Such passages, though they add nothing to the verisimilitude of Kathrina's character, help to make her appear consistent in not laughing at a certain weird poem which her lover reads to her. Few ladies in real life, however great a tenderness they might feel for a morbid young poet, could practise Kathrina's self-control, when, depicting himself as a godless youth imprisoned by phantoms "among the elves of the silent land," he sings:

"Under the charred and ghastly gloom,
Over the flinty stones,
They led him forth to his terrible doom,
And, plunged in a deep and noisome tomb,
They sat him among the bones."

Where, crouching, he beholds, through a "loop" in the wall, "a sweet angel from the skies":—

"Could she not loose him from his thrall,
And lead him into the light?
'Ah me!' he murmured, 'I dare not call,
Lest she may doubt it a goblin's waul,
And leave me in swift affright!'"

The question is of the poet himself, immersed in his own gloomy thoughts, and of Kathrina, who could rescue him from them; but she has heard "only a wild, weird story," and her lover is obliged to explain it, and still we are to suppose that she did not laugh. Nay, we are told that she instantly accepted the poet, who exclaims:

"Are there not lofty moments when the soul
Leaps to the front of being, casting off
The robes and clumsy instruments of sense,
And, postured in its immortality,
Reveals its independence of the clod
In which it dwells? moments in which the earth
And all material things, all sights and sounds,
All signals, ministries, interpreters,
Relapse to nothing, and the interflow
Of thought and feeling, love and life, go on
Between two spirits, raised to sympathy
By an inspiring passion, as in heaven,
The body dust, within an orb outlined,
It shall go on forever?'

We have no reason to suppose that this is not thought a fine passage by the author, who will doubtless find readers enough to agree with him, if he should not care to accept our estimate of his whole poem. Nevertheless, we must confess that it appears to us puerile in conception, destitute of due motive, and crude and inartistic in treatment.
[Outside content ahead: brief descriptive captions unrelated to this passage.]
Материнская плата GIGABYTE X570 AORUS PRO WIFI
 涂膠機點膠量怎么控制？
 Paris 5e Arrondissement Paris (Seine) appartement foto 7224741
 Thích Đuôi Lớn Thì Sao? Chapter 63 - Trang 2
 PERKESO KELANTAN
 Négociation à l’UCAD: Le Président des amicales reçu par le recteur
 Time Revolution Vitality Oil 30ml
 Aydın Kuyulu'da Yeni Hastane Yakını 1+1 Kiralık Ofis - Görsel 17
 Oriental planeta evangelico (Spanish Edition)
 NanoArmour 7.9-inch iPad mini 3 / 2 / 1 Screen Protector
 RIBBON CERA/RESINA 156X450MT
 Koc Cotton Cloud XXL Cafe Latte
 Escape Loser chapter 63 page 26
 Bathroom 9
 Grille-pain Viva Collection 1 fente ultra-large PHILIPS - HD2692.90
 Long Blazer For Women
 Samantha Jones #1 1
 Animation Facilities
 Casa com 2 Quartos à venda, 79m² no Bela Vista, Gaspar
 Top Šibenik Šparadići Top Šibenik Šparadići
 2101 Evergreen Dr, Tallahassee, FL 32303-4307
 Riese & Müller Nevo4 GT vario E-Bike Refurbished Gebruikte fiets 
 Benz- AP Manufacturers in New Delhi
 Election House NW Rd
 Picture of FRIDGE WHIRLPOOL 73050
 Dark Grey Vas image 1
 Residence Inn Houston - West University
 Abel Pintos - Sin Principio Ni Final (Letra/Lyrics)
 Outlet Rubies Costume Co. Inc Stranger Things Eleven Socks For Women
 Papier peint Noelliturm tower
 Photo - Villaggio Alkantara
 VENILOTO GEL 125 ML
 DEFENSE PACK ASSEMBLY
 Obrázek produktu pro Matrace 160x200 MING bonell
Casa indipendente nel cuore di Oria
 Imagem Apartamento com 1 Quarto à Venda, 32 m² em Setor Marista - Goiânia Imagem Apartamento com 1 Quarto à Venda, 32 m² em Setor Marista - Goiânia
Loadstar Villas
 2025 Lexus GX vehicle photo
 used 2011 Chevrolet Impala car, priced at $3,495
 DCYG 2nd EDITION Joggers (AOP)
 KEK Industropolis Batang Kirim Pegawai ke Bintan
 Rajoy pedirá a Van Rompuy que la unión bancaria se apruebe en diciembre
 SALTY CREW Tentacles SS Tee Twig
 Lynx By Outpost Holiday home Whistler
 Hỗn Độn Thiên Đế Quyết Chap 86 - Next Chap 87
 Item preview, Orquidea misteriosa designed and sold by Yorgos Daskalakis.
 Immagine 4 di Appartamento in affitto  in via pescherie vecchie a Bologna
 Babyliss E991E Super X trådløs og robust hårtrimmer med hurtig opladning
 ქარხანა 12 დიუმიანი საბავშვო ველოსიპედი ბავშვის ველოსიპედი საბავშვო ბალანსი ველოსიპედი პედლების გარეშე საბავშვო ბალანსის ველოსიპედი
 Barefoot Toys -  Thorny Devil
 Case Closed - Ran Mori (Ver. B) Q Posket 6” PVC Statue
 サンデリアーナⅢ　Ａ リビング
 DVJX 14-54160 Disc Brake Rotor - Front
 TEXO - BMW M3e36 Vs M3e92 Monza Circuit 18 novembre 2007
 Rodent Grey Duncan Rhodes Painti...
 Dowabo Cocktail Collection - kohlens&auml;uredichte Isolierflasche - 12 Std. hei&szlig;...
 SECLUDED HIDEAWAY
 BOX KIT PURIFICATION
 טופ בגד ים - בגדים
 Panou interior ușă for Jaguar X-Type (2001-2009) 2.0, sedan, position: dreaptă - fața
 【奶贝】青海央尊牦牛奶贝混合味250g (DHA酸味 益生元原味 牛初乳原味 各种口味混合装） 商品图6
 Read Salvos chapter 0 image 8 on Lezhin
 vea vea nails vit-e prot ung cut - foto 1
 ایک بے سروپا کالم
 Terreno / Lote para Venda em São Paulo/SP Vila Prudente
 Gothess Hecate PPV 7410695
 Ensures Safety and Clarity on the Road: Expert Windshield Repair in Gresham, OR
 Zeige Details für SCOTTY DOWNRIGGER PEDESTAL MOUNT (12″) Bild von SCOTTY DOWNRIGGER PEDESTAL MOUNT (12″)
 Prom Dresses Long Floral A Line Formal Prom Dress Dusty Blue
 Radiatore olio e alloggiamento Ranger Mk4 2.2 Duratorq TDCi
But we should be unjust both to ourselves and our author, if we left his work without some allusion to its highly embellished style, or, having failed to approve the whole design, refused to notice at all the elaborate ornamentation of the parts. Not to be guilty, then, of this unfairness, let us cull here some of the fanciful tropes and figures which enamel these flowery pages. The oriole is "a torch of downy flame"; the "reiterant katydids rasp the mysterious silence"; a mother's loss and sorrow are "twin leeches at her heart"; the frosty landscape is "fulgent with downy crystals"; Kathrina wears a "pale-blue muslin robe," which the hero fancies "dyed with forget-me-nots"; and the landscape has usually some effect of drygoods to the poet's eye. We might almost believe that this passage,

"We touched the hem

Of the dark mountain's robe, that falls in folds
Of emerald sward around his feet, and there
Upon its tufted velvet we sat down,"

was inspired by perusal of Dr. Holmes's ode to "Evening by a Tailor":

"Day hath put on his jacket, and around
His burning bosom buttoned it with stars.
Here will I lay me on the velvet grass,
That is like padding to earth's meagre ribs."

But Mr. Holland's fancy is of a quality which transcends all feigning in others. Whatever it touches it figures in gross material substance, preferably wood or some sort of upholstery. When, however, his hero first stood in Broadway, he seems to have found no fabric of the looms, no variety of plumage, no sort of precious wood or dye-stuff equal to the allegory, and he wreaks himself in the following tremendous hydraulic image:—

"I saw the waves of life roll up the steps
Of great cathedrals and retire; and break
In charioted grandeur at the feet
Of marble palaces, and toss their spray
Of feathered beauty through the open doors,
To pile the restless foam within; and burst
On crowded caravansaries, to fall
In quick return; and in dark currents glide
Through sinuous alleys, and the grimy loops
Of reeking cellars, and with softest plash
Assail the gilded shrines of opulence,
And slide in musical relapse away."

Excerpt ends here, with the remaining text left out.